April 16, 2013 12:00:00 AM PDT
Lots of people woke up Tuesday morning with feelings of anxiety and sadness. Some doctors call this a post-traumatic response to Monday's tragedy in Boston. So many images and sounds of the aftermath have triggered feelings as well. Many parents are asking how they can help their kids sort through their concerns.

From coast to coast, parents are grappling with questions: How much do they tell kids about the deadly explosions in Boston? Or do they tell them at all?

Long Beach resident Oyala McCraw, a mother of five, says that after Monday's bombings the sound of sirens and the sight of airplanes make her 12-year-old nervous.

"I have to explain to them that it was just some crazy people in the world and just for whatever reason they decided to just drop bombs and blow up innocent people," said McCraw.

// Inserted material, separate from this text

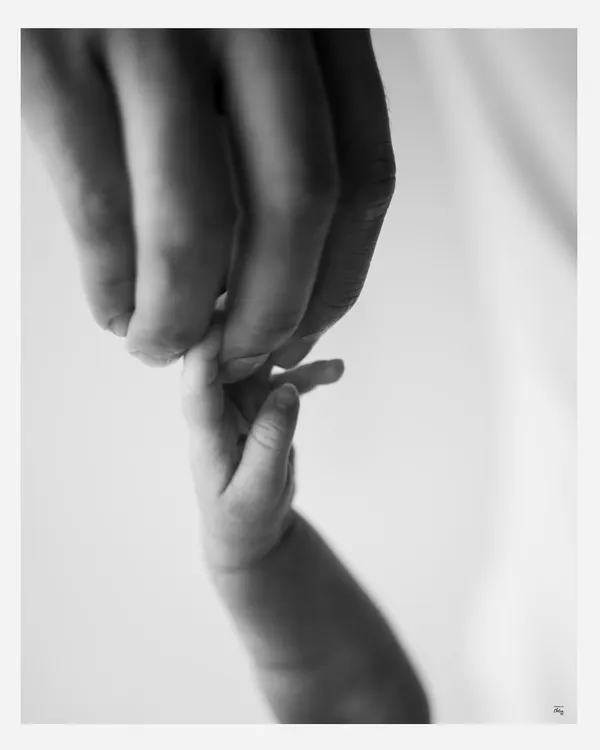 The tiniest grasp. This macro shot of a newborn's hand holding a parent's finger is a powerful, minimalist portrait of trust and connection, made timeless in black and white.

Dr. Andrew Leuchter with UCLA's Department of Psychiatry says feeling anxious, scared or angry are normal reactions and everyone will have their own individual response. But kids get their cues from parents, so it's important to remain calm when answering questions.

"Parents know their kids better than anybody else," said Leuchter. "You know what your child's capacity is for understanding. You know where they're at."

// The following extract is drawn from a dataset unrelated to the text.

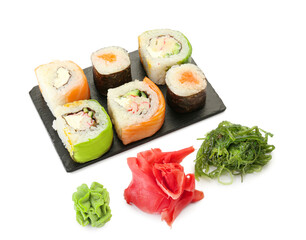 Board with delicious sushi rolls, ginger, chukka and wasabi on white background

Experts agree it's difficult for adults to make sense of terrorist acts, but finding a way to come to terms with it and then explaining that to your child will give them reassurance.

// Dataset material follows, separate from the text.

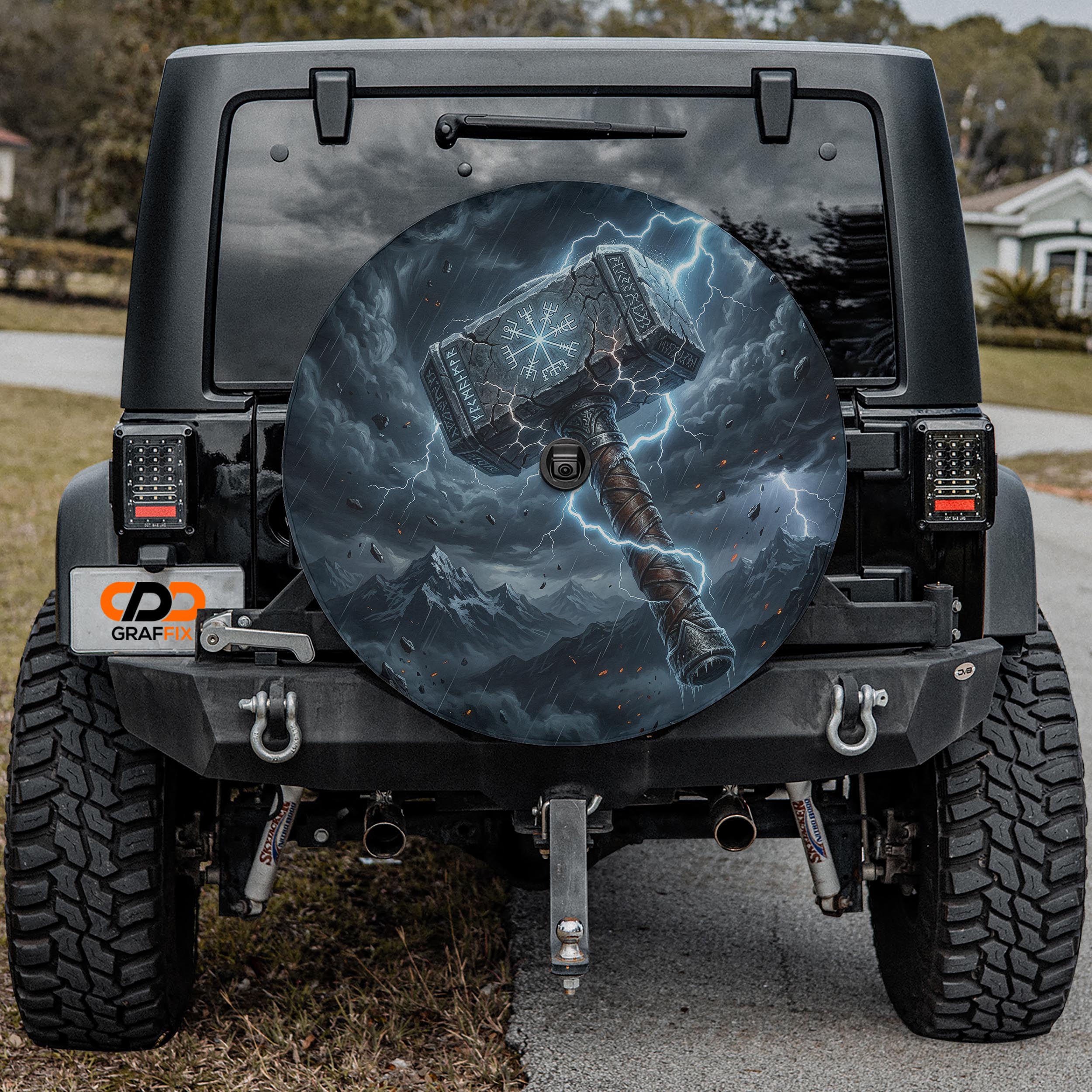 a black Jeep Wrangler with a large, detailed decal of a hammer on the rear window.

"Speak with the little ones in your life," said ABC's Dr. Mehmet Oz. "Answer any questions your children may have. Tell them they are safe in their own home and their schools and that while bad things happen, they are loved."

"These unexpected twists and turns and tragedies of life are all part of the business of raising our kids," said Leuchter.

Oyala McCraw felt reaching out to her kids first was the most important thing she did.

"They're going to hear about it, and it sounds better coming from mom and dad than kids on the street that may put their own little twist on it and make it worse than it really is," said McCraw.

Dr. Leuchter says if you or your child feels sustained emotional distress, or if you're unable to function, sleep or eat for an extended period of time, it's a sign that you might need to seek professional help.